Pursuant to the requirements of the Securities Exchange Act of 1934, the 
registrant has duly caused this report to be signed on its behalf by the 
undersigned hereunto duly authorized. 
 
                      Diebold Nixdorf, Incorporated 
July 7, 2020      By: _/s/ Jeffrey Rutherford_ 
                      Name:           Jeffrey Rutherford 
 
                      Title:          Senior Vice President and 
                                      Chief Financial Officer 
                                      (Principal Financial 
                                      Officer) 
 
*Exhibit 99.1* 
 
/ *Press Release* 
 
_Media contact:_                     _Investor contact:_ 
Mike Jacobsen, APR                   Steve Virostek 
+1 330 490 3796                      +1 330 490 6319 
michael.jacobsen@dieboldnixdorf.com  stephen.virostek@dieboldnixdorf.com 
 
*FOR IMMEDIATE RELEASE:* 
July 7, 2020 
 
*DIEBOLD NIXDORF ANNOUNCES COMMENCEMENT OF OFFERINGS OF SENIOR SECURED 
NOTES* 
 
NORTH CANTON, Ohio - Diebold Nixdorf, Incorporated (NYSE: DBD) today 
announced that it has commenced an offering of $690 million aggregate 
principal amount of senior secured notes due 2025 (the 'U.S. Notes').
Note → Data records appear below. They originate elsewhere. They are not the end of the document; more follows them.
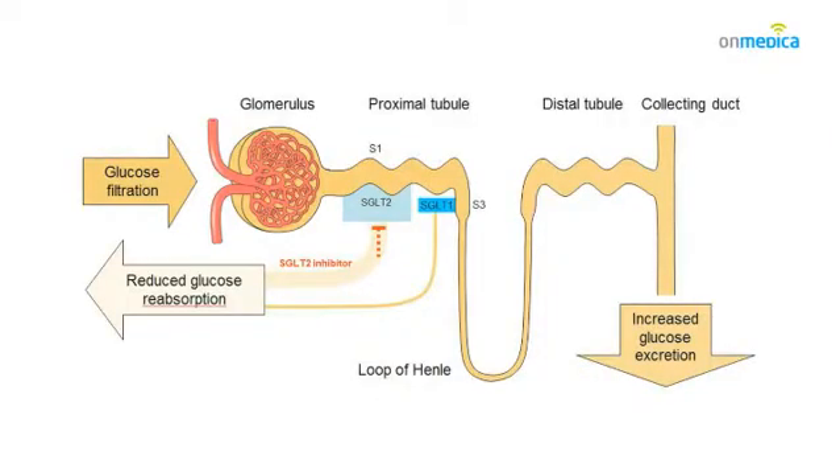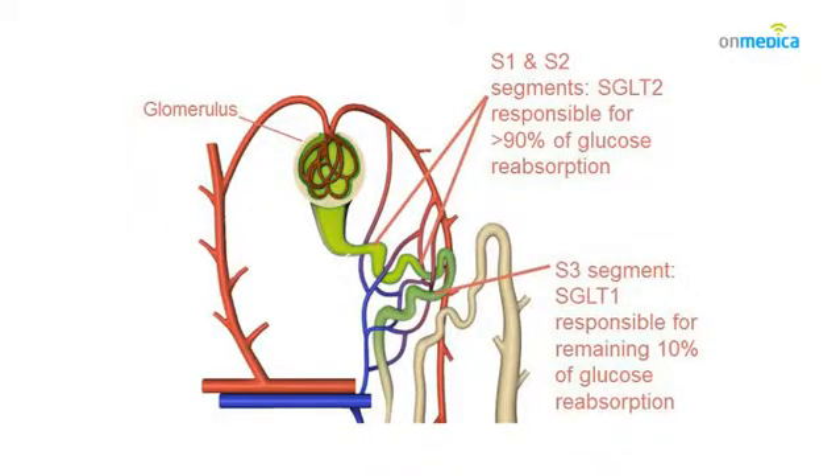The specificity of this inhibition is important because SGLT1 as a transporter is widely distributed but predominantly found in the bowel, and by inhibiting SGLT1 side effects of diarrhoea and intolerance can result. However, specific inhibition of SGLT2 appears to be well tolerated, and the outcome of SGLT2 inhibition is to enhance glycosuria.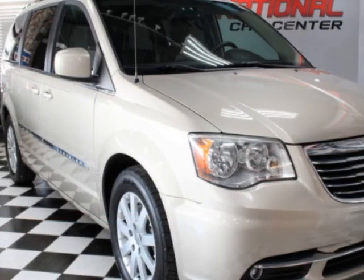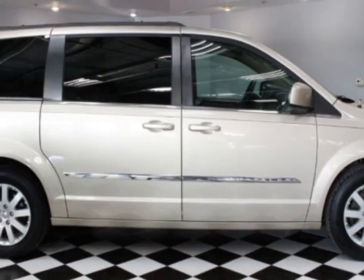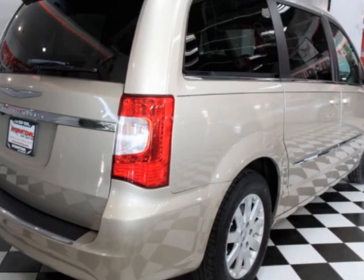For your protection, a warranty is available for this vehicle. This vehicle gets an estimated 17 miles per gallon in the city and an estimated 25 on the highway.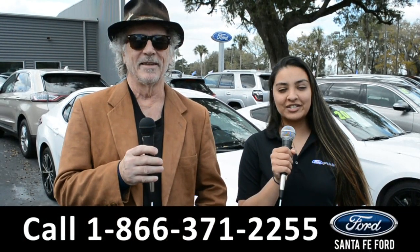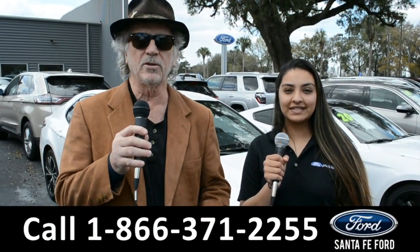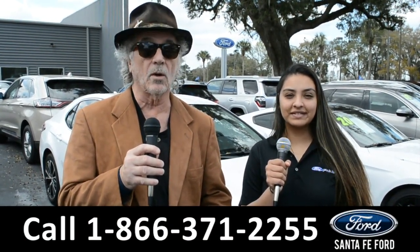Hey, this is Randy, and this is Cassandra, from SantaFeFord.com near Gainesville, Florida, where we have a huge selection of cars, trucks, and SUVs. Right now, stay tuned — Cassandra's going to give us a closer look at one of our vehicles.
In 
addition, its wholly-owned subsidiary, Diebold Nixdorf Dutch Holding B.V. 
(the 'Euro Notes Issuer'), has commenced an offering of EUR 350 million 
aggregate principal amount of senior secured notes due 2025 (the 'Euro 
Notes' and, together with the U.S. Notes, the 'Notes') in separate offerings 
(the 'Notes Offerings') that are exempt from the registration requirements 
of the Securities Act of 1933 (the 'Securities Act'). Both offerings are 
subject to market conditions. 
 
The company intends to use the net proceeds of the Notes Offerings, along 
with cash on hand, to repay a portion of the amounts outstanding under its 
senior credit facility (the 'Senior Credit Facility'), including all amounts 
outstanding under the term loan A facility and term loan A-1 facility and 
approximately $194 million revolving credit loans, including all revolving 
credit loans due in December 2020, and for the payment of all related fees 
and expenses. 
 
It is expected that the Notes will be guaranteed on a senior secured basis 
by (i) all of Diebold Nixdorf's existing and future direct and indirect U.S. 
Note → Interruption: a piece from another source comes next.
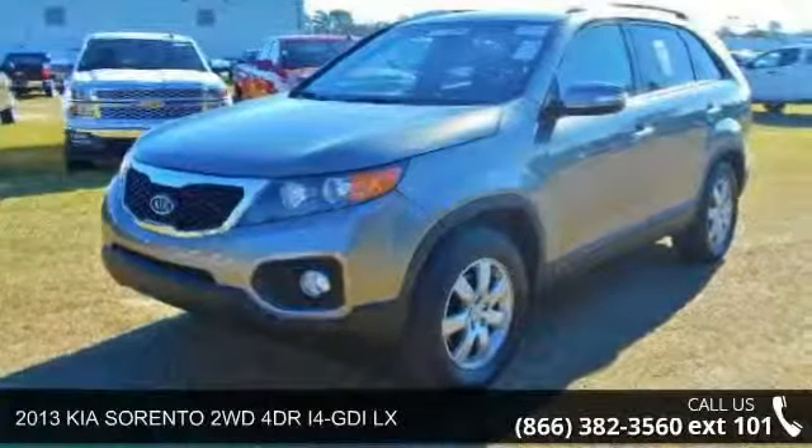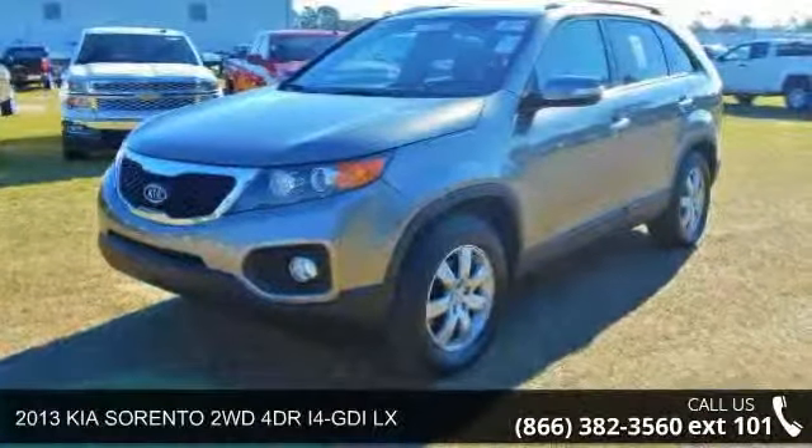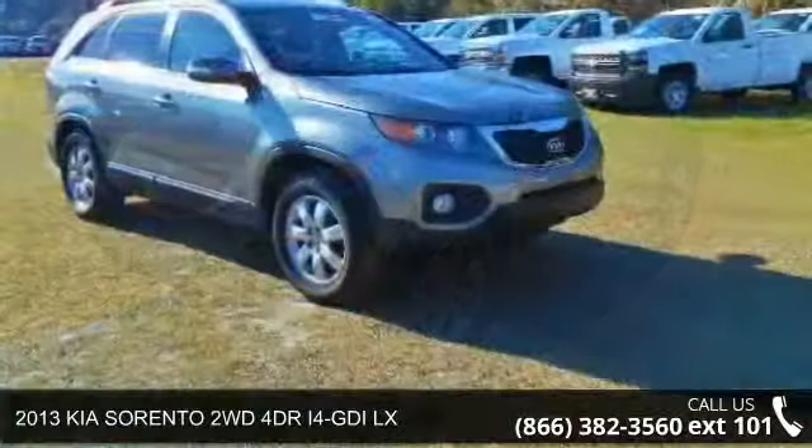Arrive in style with this 2013 Kia Sorento. This may be the set of wheels you've been looking for.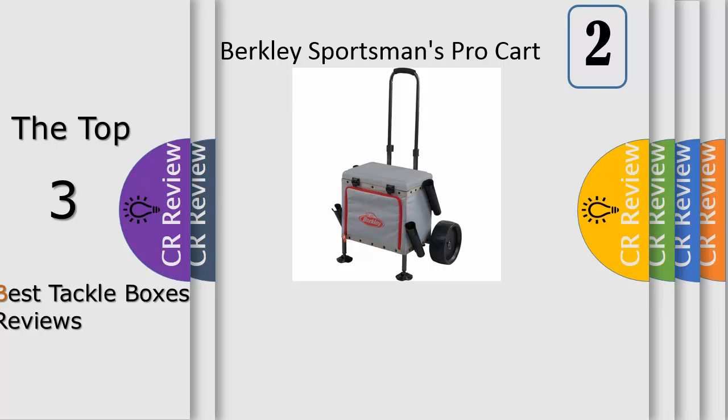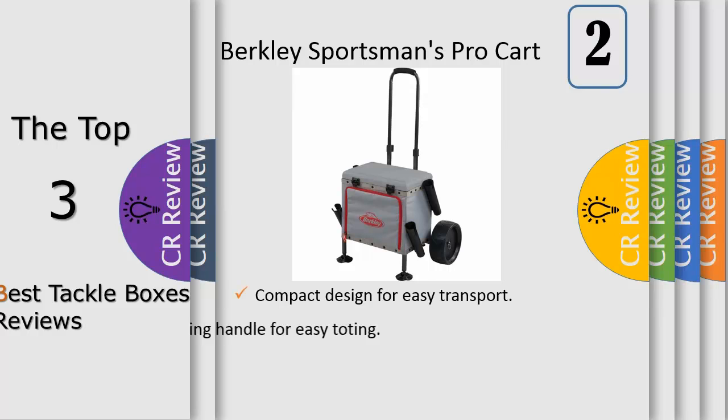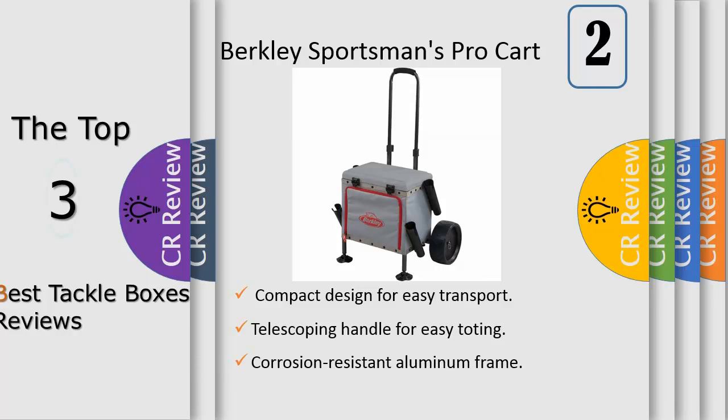Number 2: efficiently manage and transport fishing gear to your favorite fishing hole in the Berkley Sportsman's Pro Cart. Its innovative, compact design provides plenty of storage for your fishing tackle and includes 4 removable rod holders. An integrated seat and cutting board lets you sit comfortably wherever you go. Cart supports up to 300 pounds and features large pivoting feet that won't sink into soft dirt or sand.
subsidiaries that guarantee the Senior Credit Facility and (ii) all of 
Diebold Nixdorf's existing and future direct and indirect U.S. subsidiaries 
(other than securitization subsidiaries, immaterial subsidiaries and certain 
other subsidiaries) that guarantee any of the Euro Notes Issuer's or Diebold 
Nixdorf's or its subsidiary guarantors' indebtedness for borrowed money 
(collectively, the 'U.S. subsidiary guarantors'). Additionally, it is 
expected that the U.S. Notes and the Euro Notes will be guaranteed on a 
senior secured basis by the Euro Notes Issuer and Diebold Nixdorf, 
respectively. It is also expected that the Notes will be secured by 

(MORE TO FOLLOW) Dow Jones Newswires

July 07, 2020 06:02 ET (10:02 GMT)

first-priority liens on substantially all of the tangible and intangible 
assets of Diebold Nixdorf, the Euro Notes Issuer and the U.S. subsidiary 
guarantors, in each case subject to permitted liens and certain exceptions. 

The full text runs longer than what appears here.